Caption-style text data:
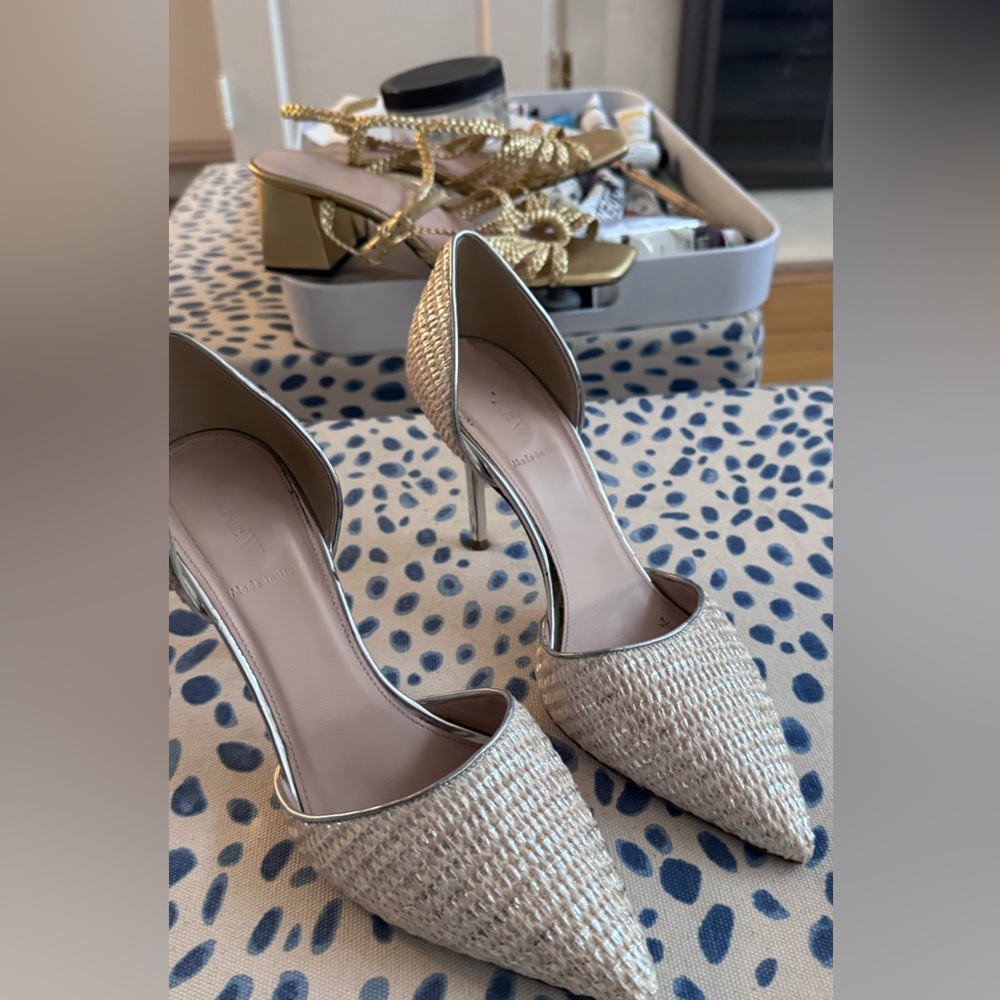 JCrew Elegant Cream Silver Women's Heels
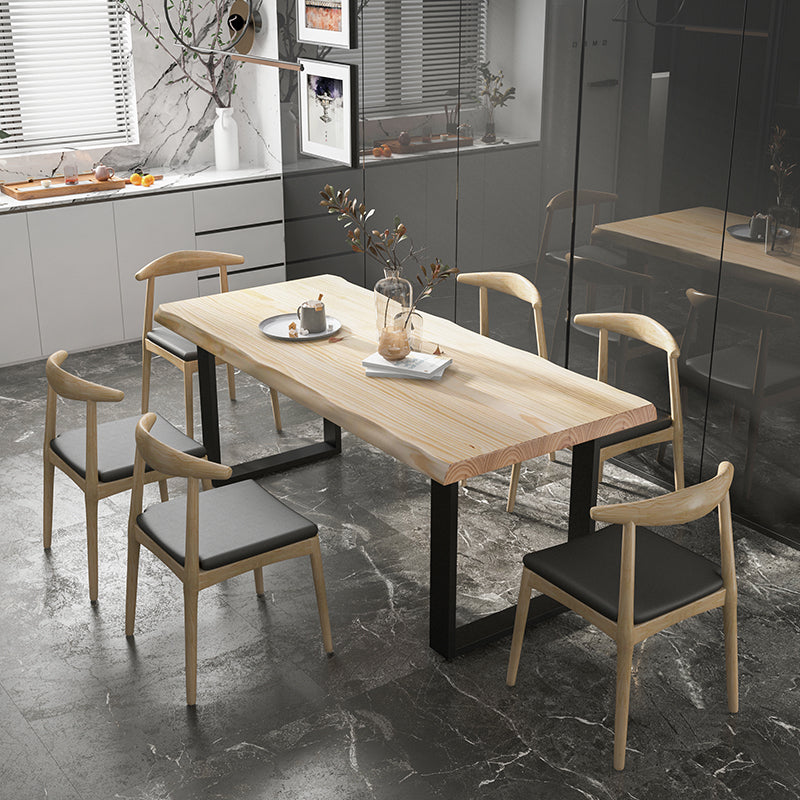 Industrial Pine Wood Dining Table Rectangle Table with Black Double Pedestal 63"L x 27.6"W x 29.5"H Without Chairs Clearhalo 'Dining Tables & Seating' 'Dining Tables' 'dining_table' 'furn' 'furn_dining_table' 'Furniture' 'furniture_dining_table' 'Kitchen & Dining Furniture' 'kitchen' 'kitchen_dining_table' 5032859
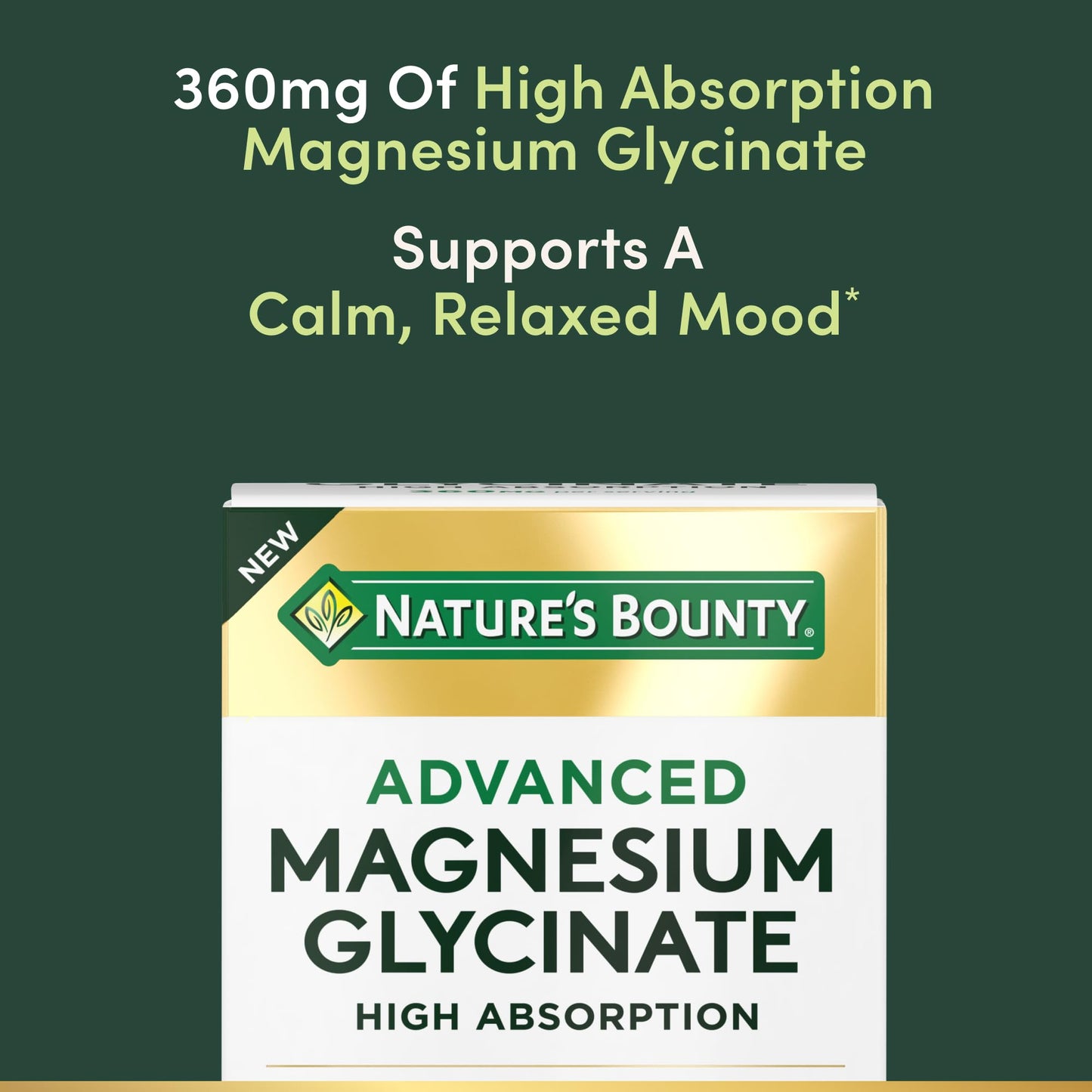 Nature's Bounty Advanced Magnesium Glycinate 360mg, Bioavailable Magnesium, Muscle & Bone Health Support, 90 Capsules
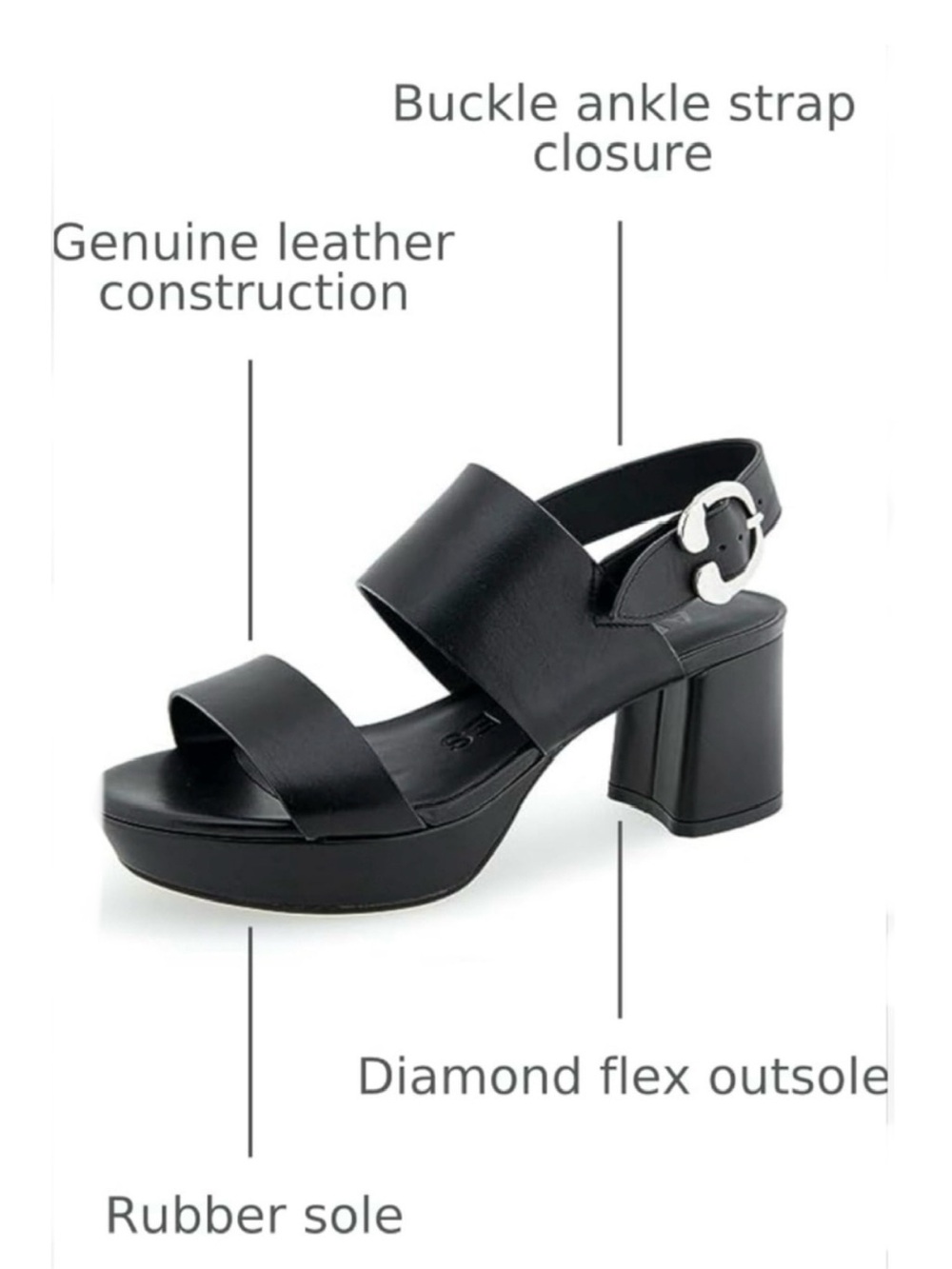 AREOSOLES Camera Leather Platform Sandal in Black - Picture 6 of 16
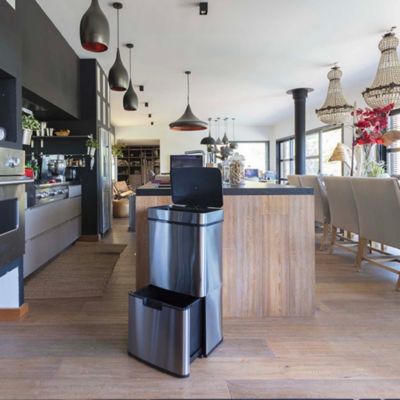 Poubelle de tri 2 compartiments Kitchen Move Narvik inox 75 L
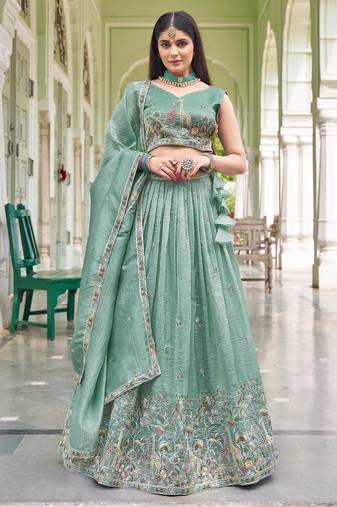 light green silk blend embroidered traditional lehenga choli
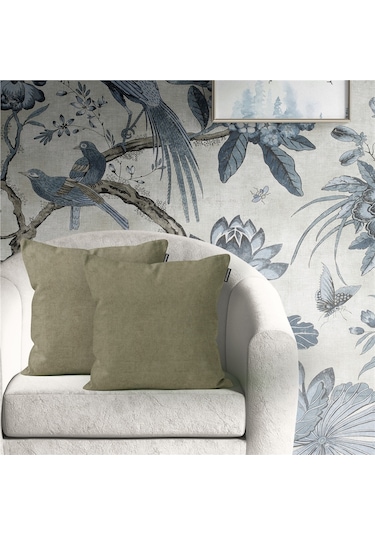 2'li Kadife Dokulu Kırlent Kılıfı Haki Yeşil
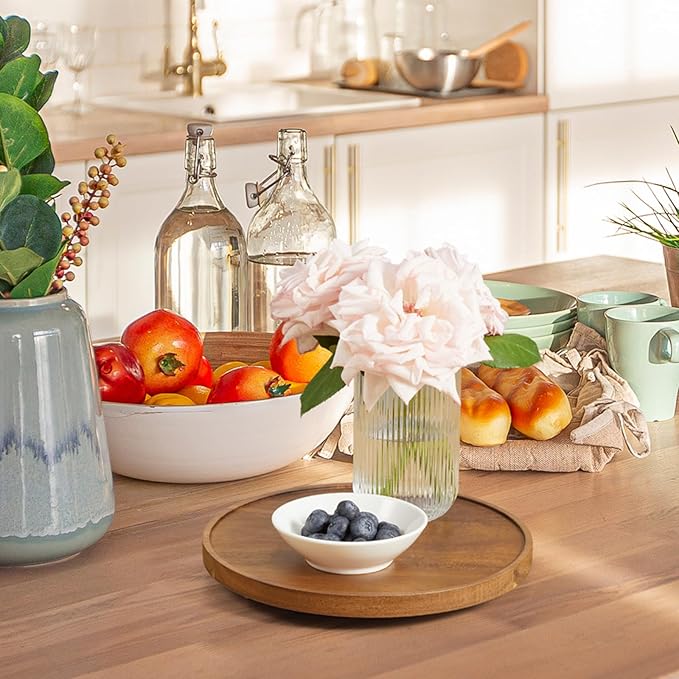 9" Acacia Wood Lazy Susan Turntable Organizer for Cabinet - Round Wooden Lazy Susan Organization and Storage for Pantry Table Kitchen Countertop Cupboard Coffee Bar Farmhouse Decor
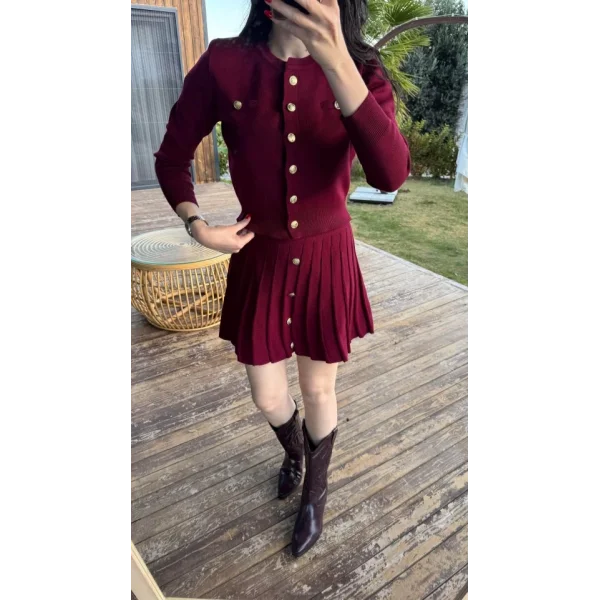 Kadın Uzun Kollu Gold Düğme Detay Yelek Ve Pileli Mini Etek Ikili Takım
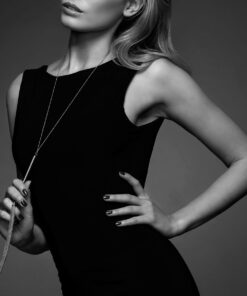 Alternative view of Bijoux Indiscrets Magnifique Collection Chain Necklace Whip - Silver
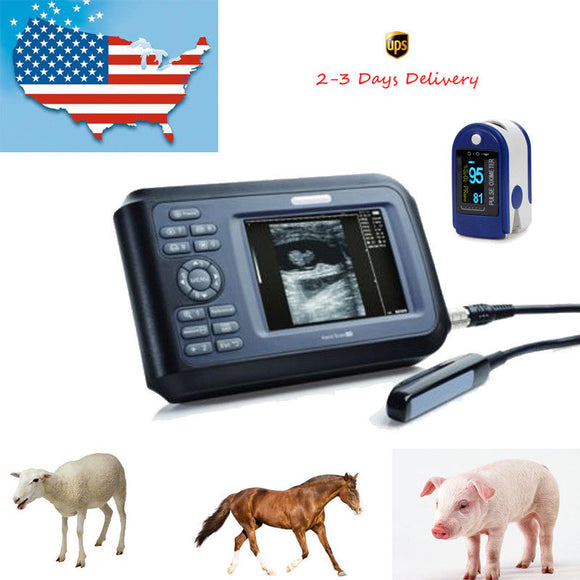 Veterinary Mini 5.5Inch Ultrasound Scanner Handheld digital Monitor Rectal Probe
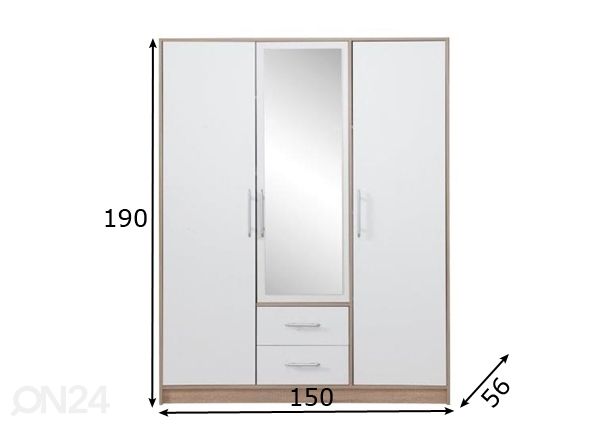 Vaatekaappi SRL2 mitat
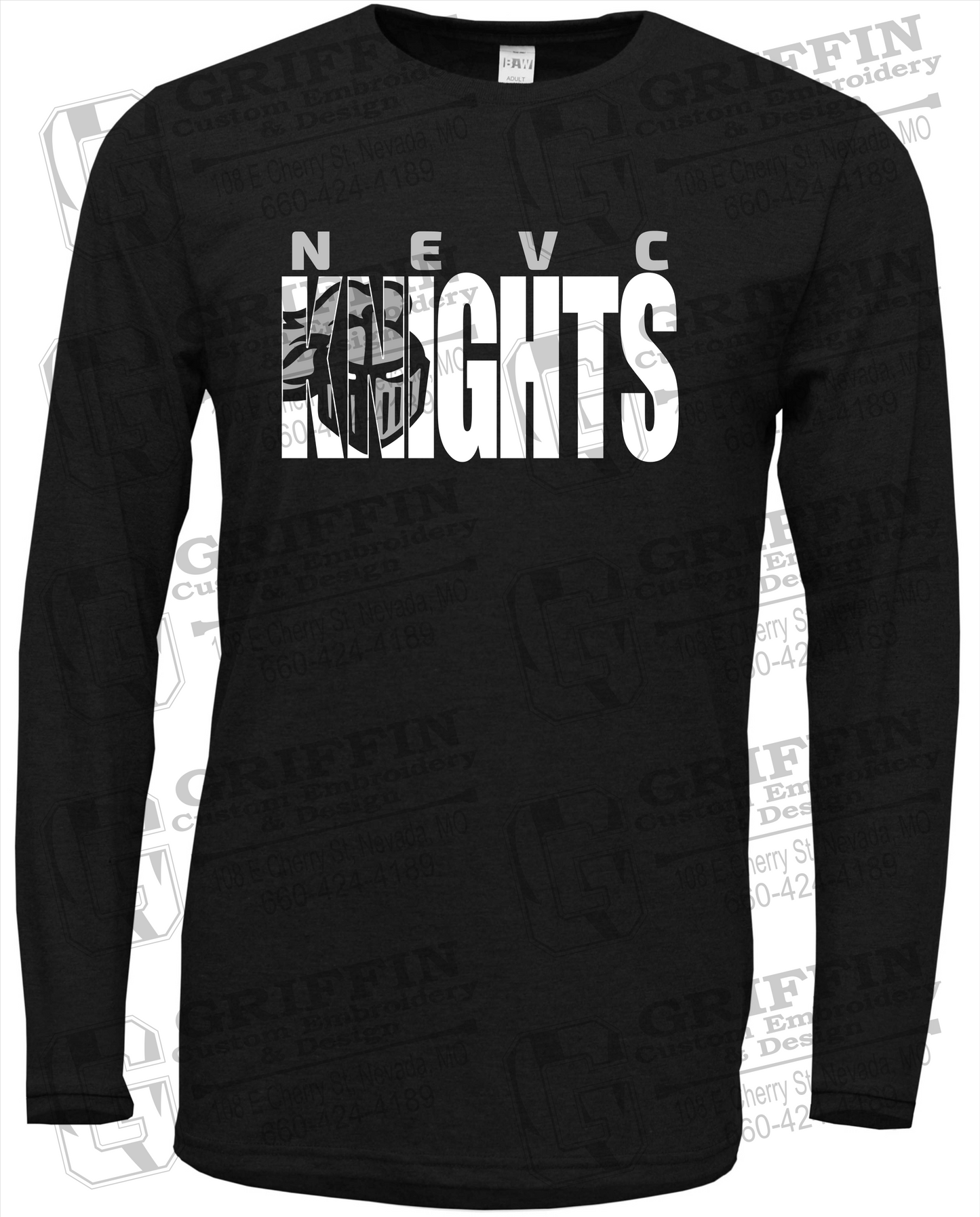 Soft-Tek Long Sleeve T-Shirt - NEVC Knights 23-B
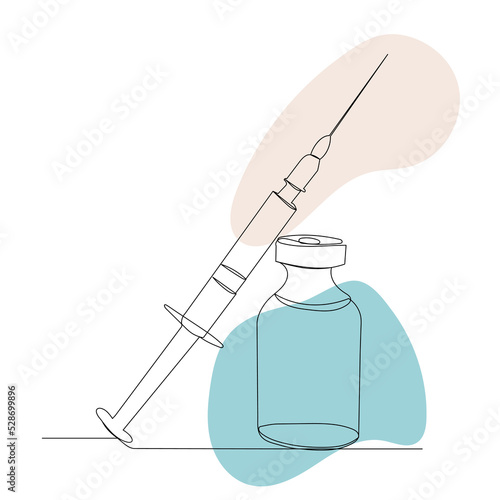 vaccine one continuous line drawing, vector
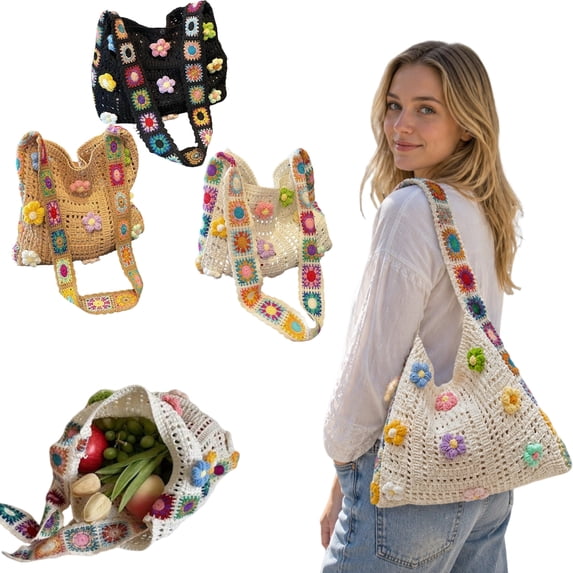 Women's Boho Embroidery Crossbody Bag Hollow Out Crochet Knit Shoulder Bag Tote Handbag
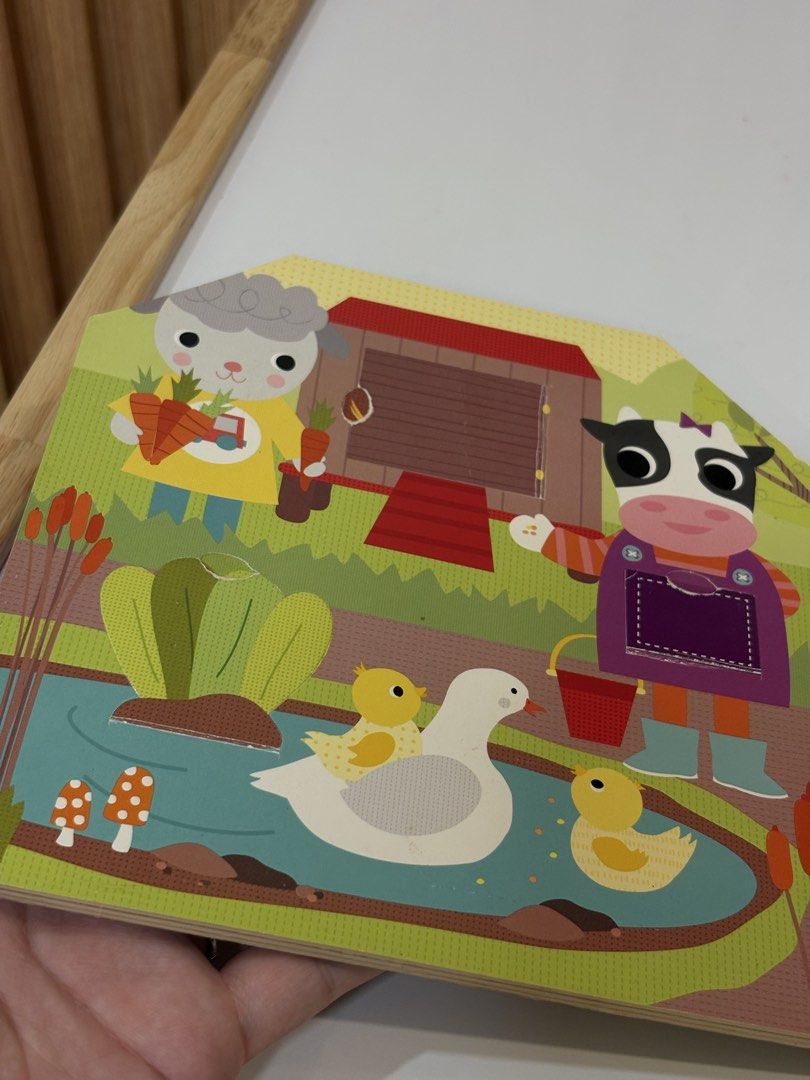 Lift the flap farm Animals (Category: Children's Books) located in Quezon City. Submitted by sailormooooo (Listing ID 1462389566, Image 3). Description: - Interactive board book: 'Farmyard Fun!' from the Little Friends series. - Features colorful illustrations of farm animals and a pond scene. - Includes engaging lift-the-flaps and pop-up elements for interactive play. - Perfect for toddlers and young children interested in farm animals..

Work item: The entries above should be given again exactly, minus any pictures.

Task answer:
 JCrew Elegant Cream Silver Women's Heels
 Industrial Pine Wood Dining Table Rectangle Table with Black Double Pedestal 63"L x 27.6"W x 29.5"H Without Chairs Clearhalo 'Dining Tables & Seating' 'Dining Tables' 'dining_table' 'furn' 'furn_dining_table' 'Furniture' 'furniture_dining_table' 'Kitchen & Dining Furniture' 'kitchen' 'kitchen_dining_table' 5032859
 Nature's Bounty Advanced Magnesium Glycinate 360mg, Bioavailable Magnesium, Muscle & Bone Health Support, 90 Capsules
 AREOSOLES Camera Leather Platform Sandal in Black - Picture 6 of 16
 Poubelle de tri 2 compartiments Kitchen Move Narvik inox 75 L
 light green silk blend embroidered traditional lehenga choli
 2'li Kadife Dokulu Kırlent Kılıfı Haki Yeşil
 9" Acacia Wood Lazy Susan Turntable Organizer for Cabinet - Round Wooden Lazy Susan Organization and Storage for Pantry Table Kitchen Countertop Cupboard Coffee Bar Farmhouse Decor
 Kadın Uzun Kollu Gold Düğme Detay Yelek Ve Pileli Mini Etek Ikili Takım
 Alternative view of Bijoux Indiscrets Magnifique Collection Chain Necklace Whip - Silver
 Veterinary Mini 5.5Inch Ultrasound Scanner Handheld digital Monitor Rectal Probe
 Vaatekaappi SRL2 mitat
 Soft-Tek Long Sleeve T-Shirt - NEVC Knights 23-B
 vaccine one continuous line drawing, vector
 Women's Boho Embroidery Crossbody Bag Hollow Out Crochet Knit Shoulder Bag Tote Handbag
 Lift the flap farm Animals (Category: Children's Books) located in Quezon City. Submitted by sailormooooo (Listing ID 1462389566, Image 3). Description: - Interactive board book: 'Farmyard Fun!' from the Little Friends series. - Features colorful illustrations of farm animals and a pond scene. - Includes engaging lift-the-flaps and pop-up elements for interactive play. - Perfect for toddlers and young children interested in farm animals..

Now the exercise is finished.